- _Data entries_
Start of Block
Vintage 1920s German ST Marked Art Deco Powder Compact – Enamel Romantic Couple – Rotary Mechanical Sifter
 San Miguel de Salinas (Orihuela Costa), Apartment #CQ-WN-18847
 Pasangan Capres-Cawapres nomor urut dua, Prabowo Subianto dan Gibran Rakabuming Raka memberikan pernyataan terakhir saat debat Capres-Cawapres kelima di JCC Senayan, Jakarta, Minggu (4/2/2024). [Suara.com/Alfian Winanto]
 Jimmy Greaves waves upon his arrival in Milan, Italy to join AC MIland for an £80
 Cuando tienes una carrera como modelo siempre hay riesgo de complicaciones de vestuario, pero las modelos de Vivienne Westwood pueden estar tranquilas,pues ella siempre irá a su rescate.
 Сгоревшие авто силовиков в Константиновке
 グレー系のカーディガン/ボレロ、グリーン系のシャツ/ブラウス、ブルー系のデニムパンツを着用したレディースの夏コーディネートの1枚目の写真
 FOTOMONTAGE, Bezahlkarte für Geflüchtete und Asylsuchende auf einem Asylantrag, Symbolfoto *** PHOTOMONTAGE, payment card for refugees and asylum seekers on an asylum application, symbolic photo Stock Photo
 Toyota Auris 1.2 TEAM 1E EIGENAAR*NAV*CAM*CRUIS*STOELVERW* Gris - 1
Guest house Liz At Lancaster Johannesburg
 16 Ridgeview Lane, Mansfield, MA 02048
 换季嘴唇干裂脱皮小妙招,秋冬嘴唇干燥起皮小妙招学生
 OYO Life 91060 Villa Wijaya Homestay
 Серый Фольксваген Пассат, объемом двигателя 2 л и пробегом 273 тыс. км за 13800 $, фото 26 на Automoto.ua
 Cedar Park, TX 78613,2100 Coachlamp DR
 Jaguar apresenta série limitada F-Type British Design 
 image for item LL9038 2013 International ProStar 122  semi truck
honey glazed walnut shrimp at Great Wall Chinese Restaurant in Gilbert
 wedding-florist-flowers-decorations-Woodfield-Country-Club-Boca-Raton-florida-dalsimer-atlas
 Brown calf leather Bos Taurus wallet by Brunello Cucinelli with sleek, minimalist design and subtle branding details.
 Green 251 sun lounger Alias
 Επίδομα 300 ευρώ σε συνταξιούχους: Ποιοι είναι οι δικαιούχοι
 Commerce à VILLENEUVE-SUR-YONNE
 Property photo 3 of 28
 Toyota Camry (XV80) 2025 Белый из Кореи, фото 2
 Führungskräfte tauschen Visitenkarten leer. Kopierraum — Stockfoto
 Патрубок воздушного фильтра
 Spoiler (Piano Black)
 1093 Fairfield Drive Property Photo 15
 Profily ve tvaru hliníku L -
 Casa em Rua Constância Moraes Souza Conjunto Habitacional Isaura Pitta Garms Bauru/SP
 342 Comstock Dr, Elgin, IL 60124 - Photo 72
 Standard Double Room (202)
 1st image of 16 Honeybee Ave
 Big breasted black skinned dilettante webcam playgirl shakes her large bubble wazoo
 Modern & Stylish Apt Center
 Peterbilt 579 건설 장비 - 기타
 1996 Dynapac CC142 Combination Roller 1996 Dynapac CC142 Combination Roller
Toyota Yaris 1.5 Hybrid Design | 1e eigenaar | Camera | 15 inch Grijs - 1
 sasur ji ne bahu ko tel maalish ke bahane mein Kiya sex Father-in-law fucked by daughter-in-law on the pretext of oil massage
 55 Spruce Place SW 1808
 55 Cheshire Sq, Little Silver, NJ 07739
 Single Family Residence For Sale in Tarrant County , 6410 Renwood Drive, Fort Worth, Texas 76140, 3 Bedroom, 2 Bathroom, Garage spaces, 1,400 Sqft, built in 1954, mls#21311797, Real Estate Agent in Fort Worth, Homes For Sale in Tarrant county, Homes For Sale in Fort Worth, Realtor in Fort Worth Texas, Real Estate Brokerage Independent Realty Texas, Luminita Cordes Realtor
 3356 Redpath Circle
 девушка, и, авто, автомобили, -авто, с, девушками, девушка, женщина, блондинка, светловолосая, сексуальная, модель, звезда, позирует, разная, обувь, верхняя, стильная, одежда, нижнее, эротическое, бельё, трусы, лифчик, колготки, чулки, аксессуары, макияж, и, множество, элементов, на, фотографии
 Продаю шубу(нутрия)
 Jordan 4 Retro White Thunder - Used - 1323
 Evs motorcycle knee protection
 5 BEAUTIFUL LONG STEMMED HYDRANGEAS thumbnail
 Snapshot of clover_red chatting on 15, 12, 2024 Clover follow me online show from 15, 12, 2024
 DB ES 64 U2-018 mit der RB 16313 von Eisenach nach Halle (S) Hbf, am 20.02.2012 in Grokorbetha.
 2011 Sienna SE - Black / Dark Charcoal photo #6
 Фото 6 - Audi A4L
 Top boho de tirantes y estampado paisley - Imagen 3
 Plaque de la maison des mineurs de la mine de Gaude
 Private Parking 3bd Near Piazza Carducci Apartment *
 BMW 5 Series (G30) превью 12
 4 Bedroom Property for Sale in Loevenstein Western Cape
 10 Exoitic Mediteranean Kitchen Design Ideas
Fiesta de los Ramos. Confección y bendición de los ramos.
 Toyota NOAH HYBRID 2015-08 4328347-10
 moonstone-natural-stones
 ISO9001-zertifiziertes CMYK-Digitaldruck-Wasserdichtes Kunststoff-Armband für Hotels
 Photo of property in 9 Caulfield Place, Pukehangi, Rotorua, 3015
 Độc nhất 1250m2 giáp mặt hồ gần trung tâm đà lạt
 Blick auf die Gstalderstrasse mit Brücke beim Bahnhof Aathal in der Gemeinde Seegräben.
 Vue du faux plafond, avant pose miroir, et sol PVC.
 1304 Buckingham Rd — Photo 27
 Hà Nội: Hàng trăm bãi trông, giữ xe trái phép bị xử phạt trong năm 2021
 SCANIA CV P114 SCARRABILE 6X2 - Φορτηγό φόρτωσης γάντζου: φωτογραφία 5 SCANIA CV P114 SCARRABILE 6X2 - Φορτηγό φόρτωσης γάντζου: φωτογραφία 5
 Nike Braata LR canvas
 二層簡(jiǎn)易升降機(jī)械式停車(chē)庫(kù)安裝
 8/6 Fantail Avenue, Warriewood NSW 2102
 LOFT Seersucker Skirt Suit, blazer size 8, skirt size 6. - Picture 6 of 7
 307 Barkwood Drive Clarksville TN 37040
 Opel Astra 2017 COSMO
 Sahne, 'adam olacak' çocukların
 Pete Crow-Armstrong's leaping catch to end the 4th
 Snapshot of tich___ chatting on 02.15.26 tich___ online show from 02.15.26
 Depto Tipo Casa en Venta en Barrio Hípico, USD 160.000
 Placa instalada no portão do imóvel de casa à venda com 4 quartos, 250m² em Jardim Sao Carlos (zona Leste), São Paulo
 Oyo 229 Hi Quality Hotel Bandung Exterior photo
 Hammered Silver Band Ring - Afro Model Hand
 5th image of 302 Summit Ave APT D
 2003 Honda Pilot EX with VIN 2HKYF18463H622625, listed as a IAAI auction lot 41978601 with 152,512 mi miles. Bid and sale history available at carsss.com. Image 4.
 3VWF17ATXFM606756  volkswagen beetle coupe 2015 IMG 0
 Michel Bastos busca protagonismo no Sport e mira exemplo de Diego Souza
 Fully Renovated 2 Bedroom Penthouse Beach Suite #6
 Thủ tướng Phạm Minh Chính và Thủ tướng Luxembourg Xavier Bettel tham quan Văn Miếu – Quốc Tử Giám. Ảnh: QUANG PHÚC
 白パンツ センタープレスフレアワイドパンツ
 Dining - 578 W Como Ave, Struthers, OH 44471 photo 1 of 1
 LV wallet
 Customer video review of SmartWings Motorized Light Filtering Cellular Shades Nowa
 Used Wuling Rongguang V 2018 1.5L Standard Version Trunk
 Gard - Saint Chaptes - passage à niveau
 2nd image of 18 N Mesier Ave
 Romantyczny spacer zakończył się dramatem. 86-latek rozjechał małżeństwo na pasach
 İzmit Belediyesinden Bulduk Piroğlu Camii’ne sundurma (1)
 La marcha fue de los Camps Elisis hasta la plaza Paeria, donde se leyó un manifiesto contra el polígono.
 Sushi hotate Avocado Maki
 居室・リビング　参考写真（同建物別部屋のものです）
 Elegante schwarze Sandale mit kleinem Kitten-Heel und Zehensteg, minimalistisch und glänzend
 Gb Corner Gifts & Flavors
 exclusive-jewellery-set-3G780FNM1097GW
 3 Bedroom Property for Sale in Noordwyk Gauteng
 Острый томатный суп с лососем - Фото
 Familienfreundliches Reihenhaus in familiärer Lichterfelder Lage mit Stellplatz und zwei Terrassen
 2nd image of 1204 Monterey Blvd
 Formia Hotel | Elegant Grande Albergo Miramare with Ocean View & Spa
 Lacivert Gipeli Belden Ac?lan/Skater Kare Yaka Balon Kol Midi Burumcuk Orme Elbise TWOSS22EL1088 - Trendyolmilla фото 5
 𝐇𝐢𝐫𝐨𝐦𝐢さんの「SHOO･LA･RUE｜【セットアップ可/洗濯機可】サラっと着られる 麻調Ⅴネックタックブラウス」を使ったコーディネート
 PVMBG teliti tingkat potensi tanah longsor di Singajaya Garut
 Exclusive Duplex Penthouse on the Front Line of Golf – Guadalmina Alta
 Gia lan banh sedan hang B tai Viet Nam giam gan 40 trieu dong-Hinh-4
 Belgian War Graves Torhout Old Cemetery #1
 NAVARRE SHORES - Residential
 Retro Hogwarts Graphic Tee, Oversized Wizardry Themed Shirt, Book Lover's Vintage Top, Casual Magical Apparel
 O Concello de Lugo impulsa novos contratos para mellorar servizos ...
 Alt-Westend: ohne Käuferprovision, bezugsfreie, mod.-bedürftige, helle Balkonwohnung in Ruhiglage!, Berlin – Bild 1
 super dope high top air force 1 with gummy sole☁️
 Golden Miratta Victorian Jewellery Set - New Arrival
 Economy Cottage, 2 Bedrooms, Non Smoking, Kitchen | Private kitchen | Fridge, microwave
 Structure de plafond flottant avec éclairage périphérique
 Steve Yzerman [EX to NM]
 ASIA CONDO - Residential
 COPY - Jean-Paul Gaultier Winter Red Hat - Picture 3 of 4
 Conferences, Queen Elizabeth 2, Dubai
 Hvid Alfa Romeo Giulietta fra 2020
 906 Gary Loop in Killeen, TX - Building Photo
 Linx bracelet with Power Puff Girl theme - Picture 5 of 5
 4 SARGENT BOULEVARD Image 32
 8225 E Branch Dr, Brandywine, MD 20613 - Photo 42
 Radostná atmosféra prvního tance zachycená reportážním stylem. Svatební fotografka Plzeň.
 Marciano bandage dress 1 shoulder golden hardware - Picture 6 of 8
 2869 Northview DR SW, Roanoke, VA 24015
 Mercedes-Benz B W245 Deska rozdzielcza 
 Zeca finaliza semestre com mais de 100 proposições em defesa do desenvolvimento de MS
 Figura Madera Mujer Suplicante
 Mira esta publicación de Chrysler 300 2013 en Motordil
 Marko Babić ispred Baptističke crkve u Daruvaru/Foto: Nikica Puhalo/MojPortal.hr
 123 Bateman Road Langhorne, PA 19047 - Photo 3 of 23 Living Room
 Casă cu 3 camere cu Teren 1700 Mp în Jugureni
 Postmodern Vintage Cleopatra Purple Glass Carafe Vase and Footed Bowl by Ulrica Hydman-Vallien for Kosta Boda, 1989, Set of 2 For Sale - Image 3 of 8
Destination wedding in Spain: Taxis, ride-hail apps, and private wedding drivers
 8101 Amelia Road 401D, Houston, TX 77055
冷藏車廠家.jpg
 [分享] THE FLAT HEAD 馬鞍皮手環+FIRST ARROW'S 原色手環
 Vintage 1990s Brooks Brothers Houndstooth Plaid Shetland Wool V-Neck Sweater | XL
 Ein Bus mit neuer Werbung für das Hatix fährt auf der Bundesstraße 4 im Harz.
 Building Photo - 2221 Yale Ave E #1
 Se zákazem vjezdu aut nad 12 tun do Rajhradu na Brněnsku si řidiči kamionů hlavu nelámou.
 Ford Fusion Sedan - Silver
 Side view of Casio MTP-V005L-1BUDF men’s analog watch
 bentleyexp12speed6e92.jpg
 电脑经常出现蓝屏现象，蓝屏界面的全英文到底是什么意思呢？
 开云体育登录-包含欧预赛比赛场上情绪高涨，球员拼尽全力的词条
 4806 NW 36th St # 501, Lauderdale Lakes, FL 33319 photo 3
End of Block
- _PROBLEM TO SOLVE_
Within the data above, tally every line that has "Penthouse" in it. Answer with the number only.

- _SOLUTION_
2